### Work order
Take the lines from the one containing "Dreamy Duck Night" through the final line below and restate them exactly. Omit the pictures.

(Short text fragments from websites)
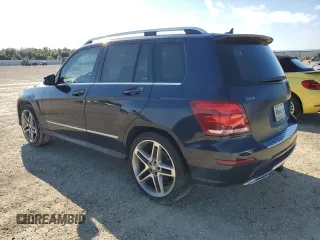 2014 Mercedes-Benz GLK 350 with VIN WDCGG5HB7EG193866, listed as a Copart auction lot 74002604 with 109,746 mi miles and Salvage Title. Bid and sale history available at DreamBid. Image 2.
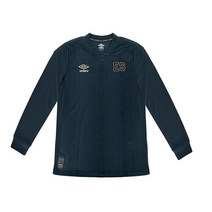 축구복 Umbro 남성용 축구 엘살바도르 서드 긴소매 저지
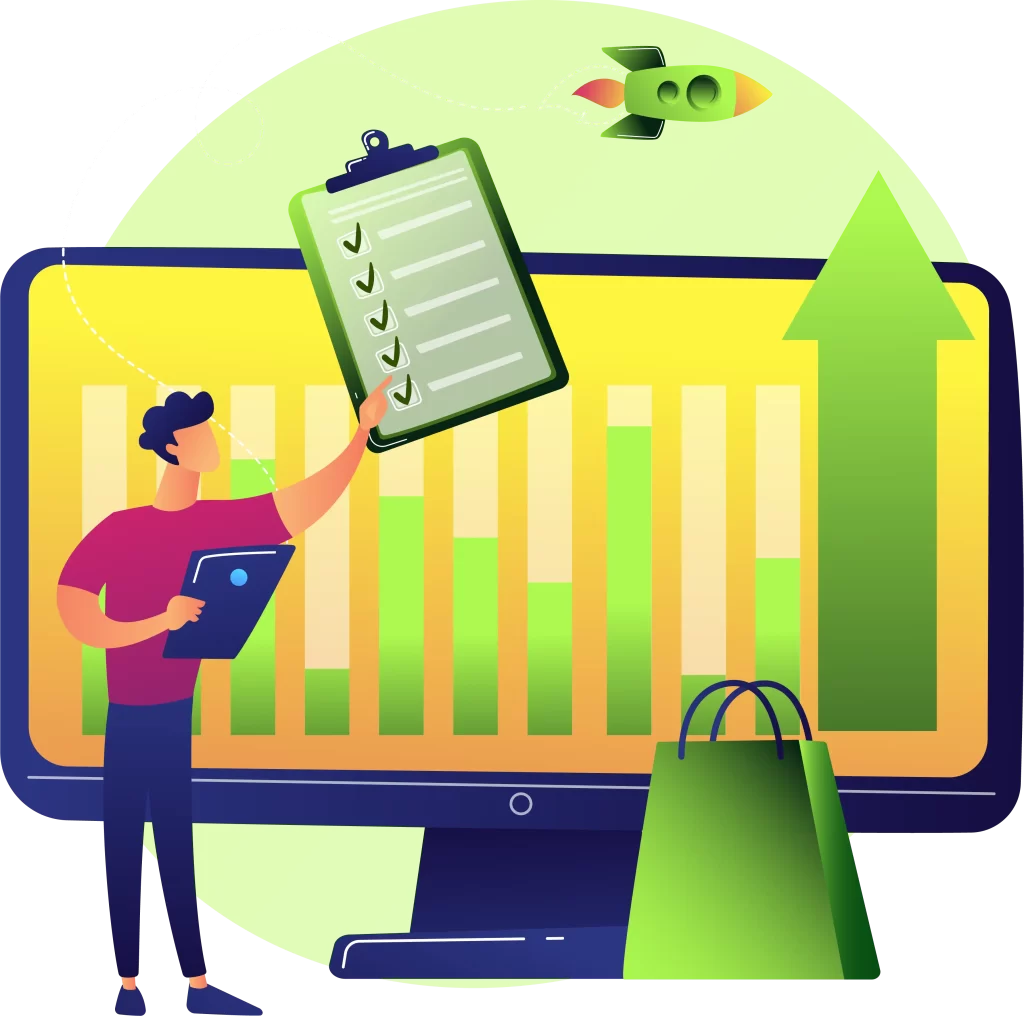 Ecommerce SEO Dubai, UAE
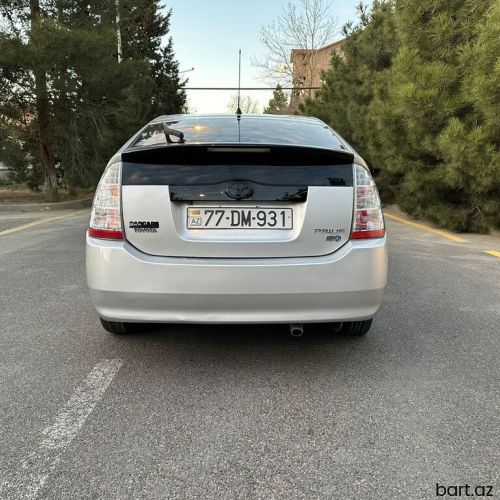 Toyota Prius: 1.5 l. | 2008 il 
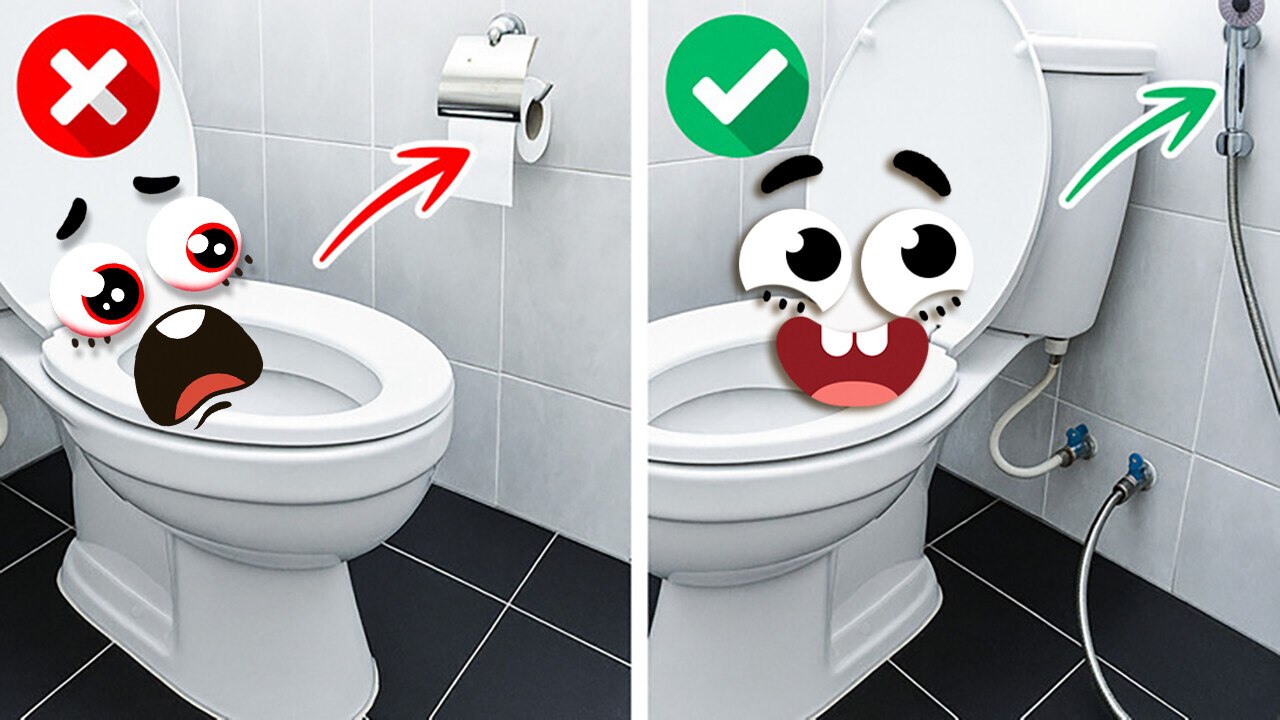 The Battle of the Brave Toilet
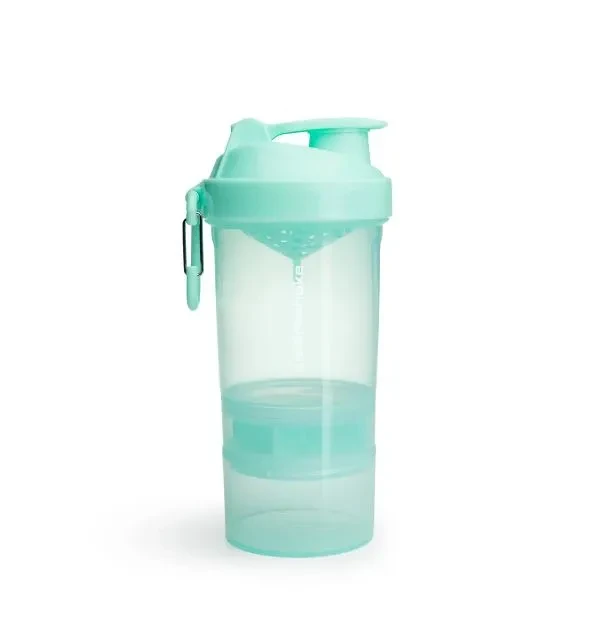 Шейкер спортивний Smartshake Original2GO 600ml Mint Green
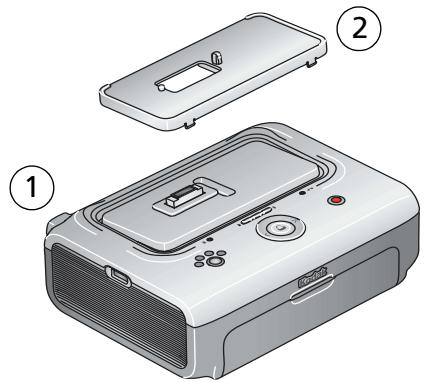 KODAK PRINTER DOCK - Package contents - 3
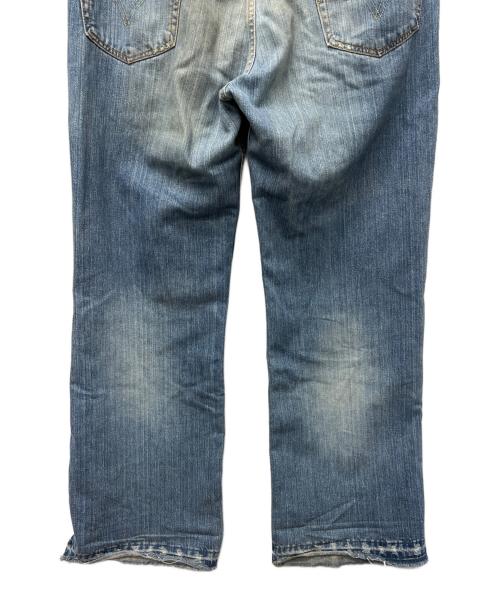 LEVI'S（リーバイス）LEVI'S (リーバイス) LEVI'S 567 ブルー サイズ:３４の古着・服飾アイテム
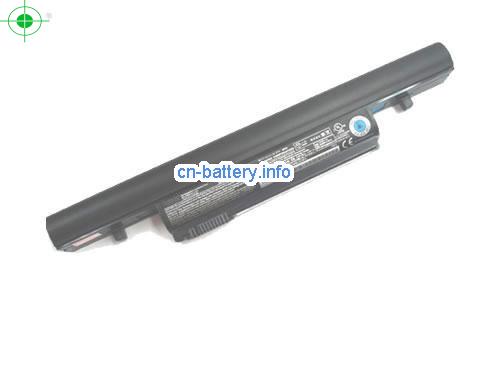 11.1V TOSHIBA TECRA R950-SMBGX2 Battery 5200mAh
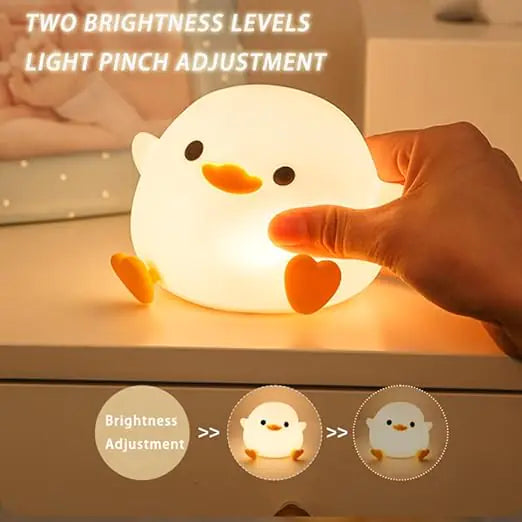 Dreamy Duck Night Lamp - Tech genius & freaks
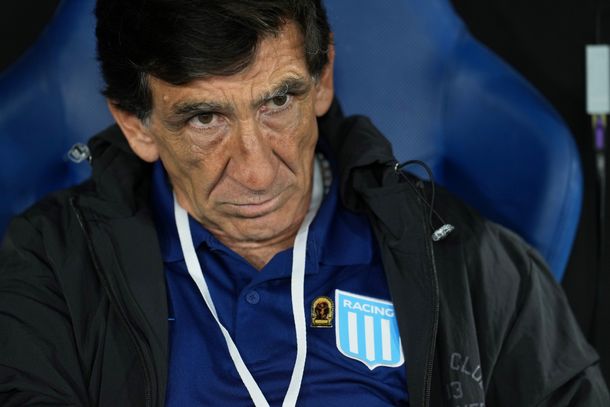 Racing enfrenta a Caracas a puertas cerradas y no se puede ver por Pelota Libre Racing enfrenta a Caracas a puertas cerradas y no se puede ver por Pelota Libre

### Answer section
 Dreamy Duck Night Lamp - Tech genius & freaks
 Racing enfrenta a Caracas a puertas cerradas y no se puede ver por Pelota Libre Racing enfrenta a Caracas a puertas cerradas y no se puede ver por Pelota Libre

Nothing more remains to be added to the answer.